**SUPPLIED INFORMATION**
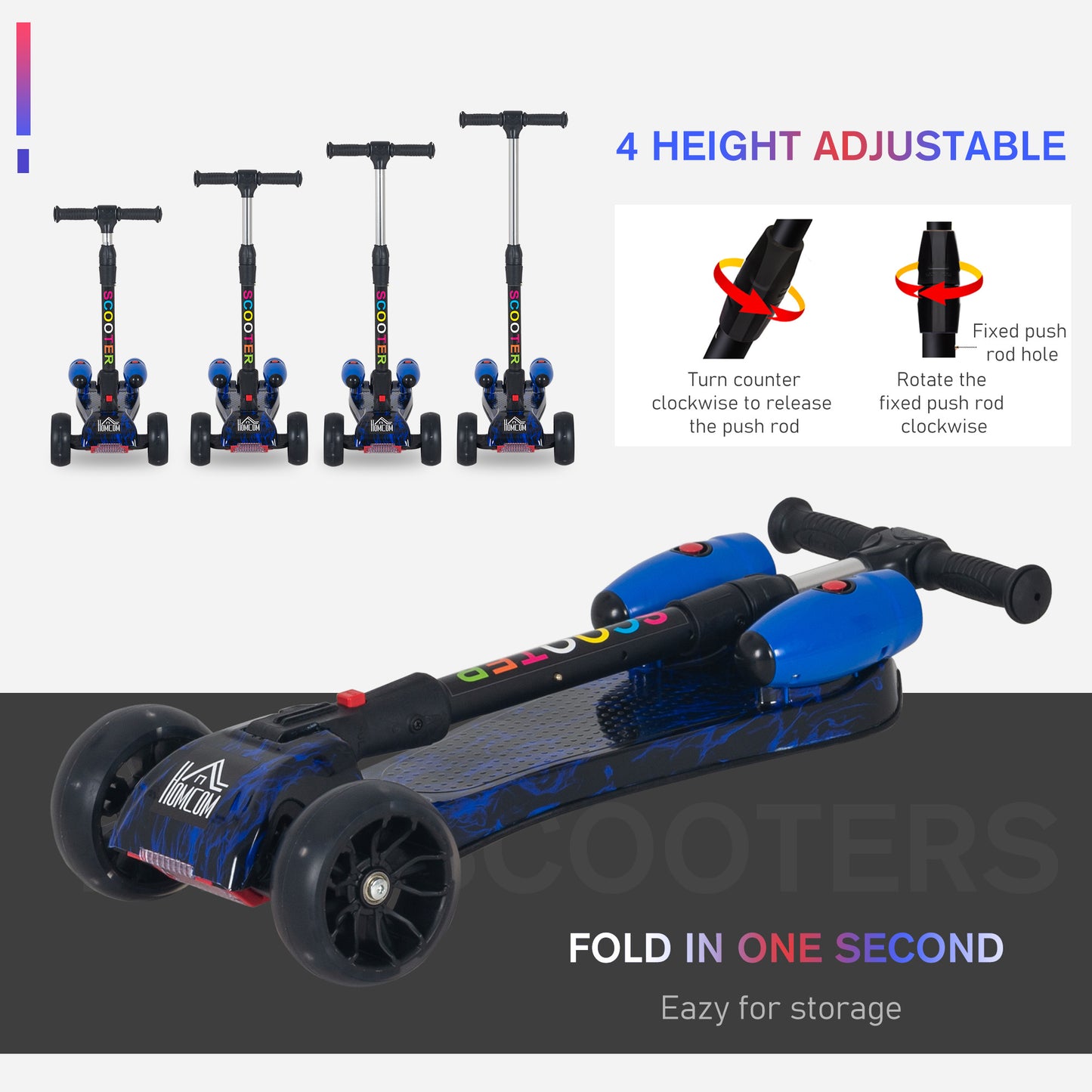 HOMCOM Kids Tri-Wheel Plastic Scooter w/ Engine-Look Water Spray Blue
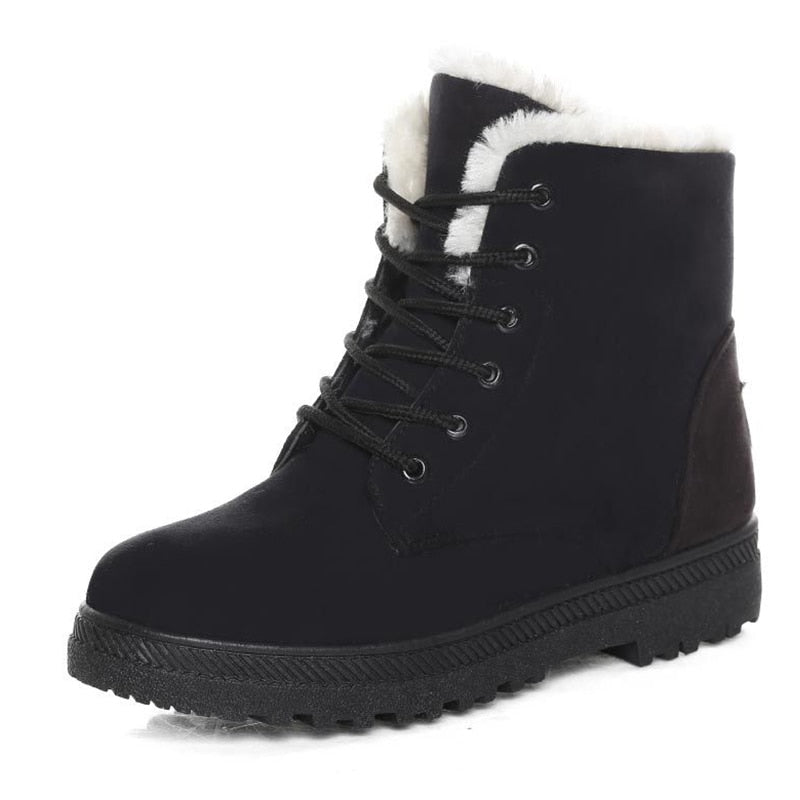Warm gefütterte Damen Winterstiefel Schnürschuhe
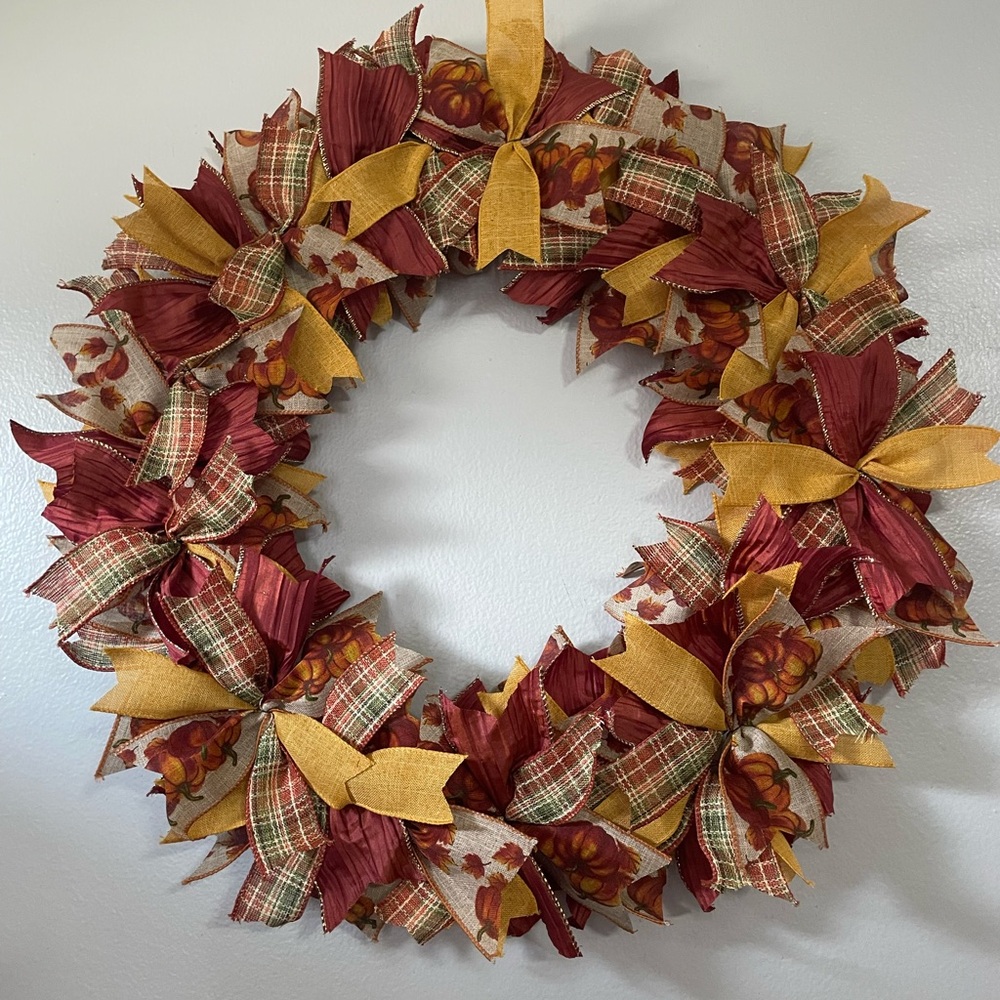 Handmade Fall Wreath with Burgundy & Gold Accents Comes with or without bow.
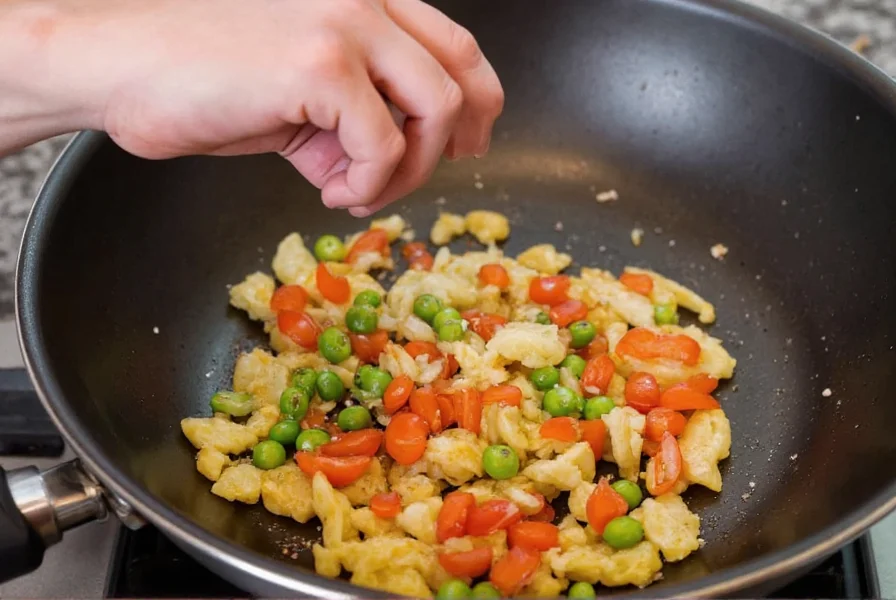 Chef adding Szechuan pepper substitute blend to wok with vegetables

**PROBLEM DESCRIPTION**
Please reproduce, exactly and only, the lines from the line containing "Warm gefütterte Damen" through the last line of the material above, minus any pictures.

**EXERCISE SOLUTION**
Warm gefütterte Damen Winterstiefel Schnürschuhe
 Handmade Fall Wreath with Burgundy & Gold Accents Comes with or without bow.
 Chef adding Szechuan pepper substitute blend to wok with vegetables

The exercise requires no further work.